O presidente Donald Trump prometeu acelerar a infra-estrutura energética para responder à crescente procura de electricidade, acelerada pelo crescimento da inteligência artificial e dos centros de dados.

Trump declarou uma “emergência energética” para justificar medidas para manter em funcionamento minas e centrais de carvão antigas que deveriam encerrar e isentar essas centrais de regulamentações importantes relacionadas com qualidade do ar.

“Nos últimos nove meses, o Departamento de Energia tomou a medida extraordinária de ordenar que oito unidades a carvão que estavam prestes a ser desactivadas permanecessem em funcionamento. O Governo afirma querer impedir o encerramento do maior número possível de centrais a carvão nos próximos três anos”, escreve o NYT. Foi emitida uma ordem para que o Pentágono compre electricidade produzida nas centrais a carvão, para garantir a procura.

Em resposta a perguntas do diário norte-americano, Brigit Hirsch, porta-voz da EPA, disse num e-mail que a agência “está empenhada em cumprir a promessa do presidente Trump de libertar a energia americana, reduzindo os custos para as famílias, garantindo ar limpo para TODOS os americanos e cumprindo a missão central da agência de proteger a saúde humana e o ambiente”.

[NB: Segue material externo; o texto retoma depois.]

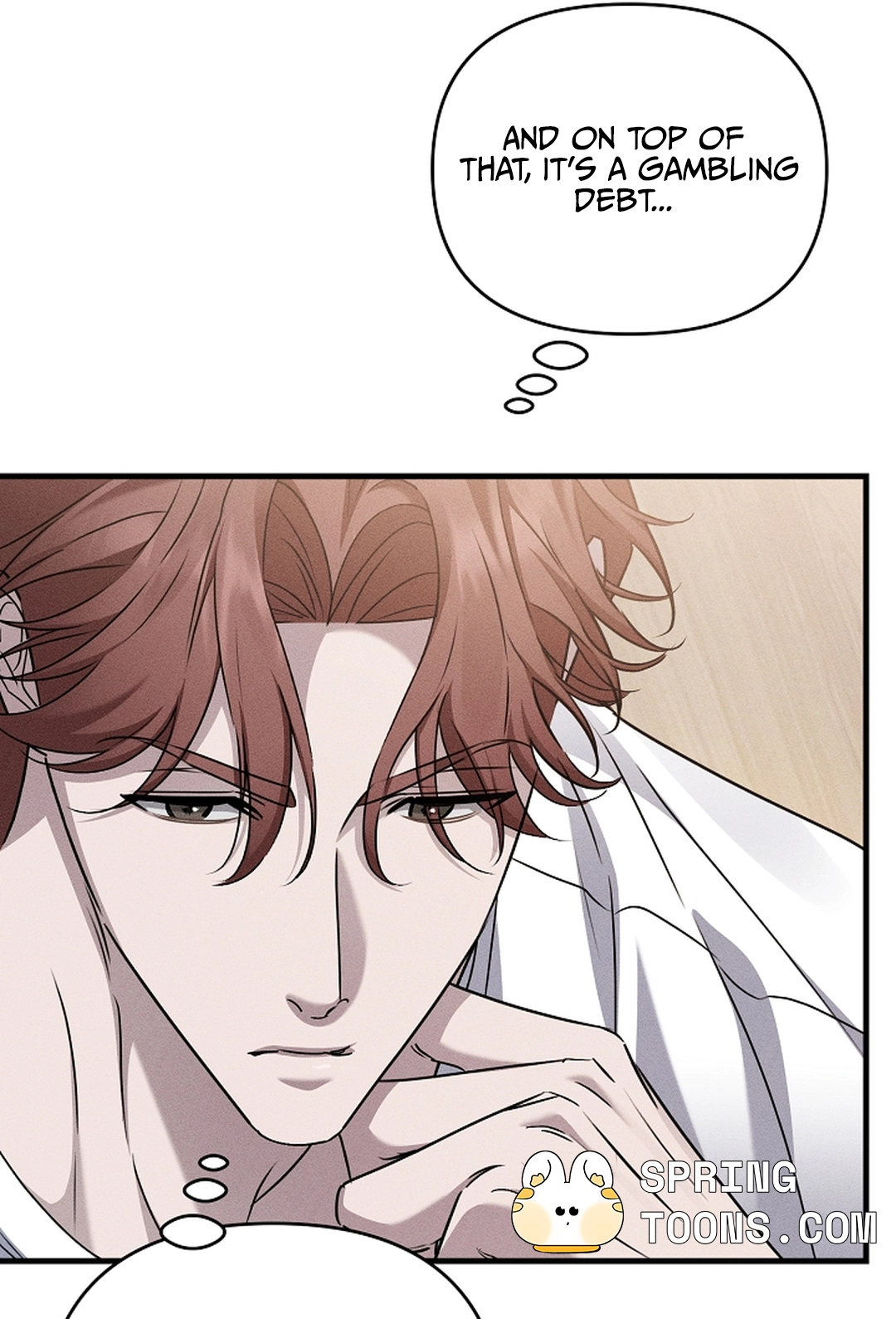 Love Cycling Chapter 9 page 43 -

“A EPA começou a regulamentar as emissões de mercúrio das centrais a carvão em 2011, durante a presidência de Barack Obama. Na altura, a administração Obama estimou que a regra custaria à indústria 9,6 mil milhões de dólares por ano, tornando-a a regulamentação de ar limpo mais cara até à data. A avaliação dos benefícios para a saúde pública da redução do mercúrio foi de 6 milhões de dólares por ano”, lembra o NYT.

A administração Trump também removeu recentemente incentivos fiscais para projectos eólicos e solares e abrandou emissão de licenças para energia renovável em terras federais, bem como em terras privadas e estaduais.

É difícil acompanhar o ritmo de Donald Trump quando olhamos para o conjunto de decisões tomadas com total desprezo pelas alterações climáticas e pela saúde humana e ambiental. Se recuássemos ao início do mandato, a lista seria assustadoramente longa. Centrando a atenção apenas no caso mais recente, recorde-se apenas que há poucos dias Donald Trump puxou o tapete a um dos principais pilares da acção pelo clima com a decisão de revogar a conclusão científica que estava na base das regulamentações climáticas dos EUA.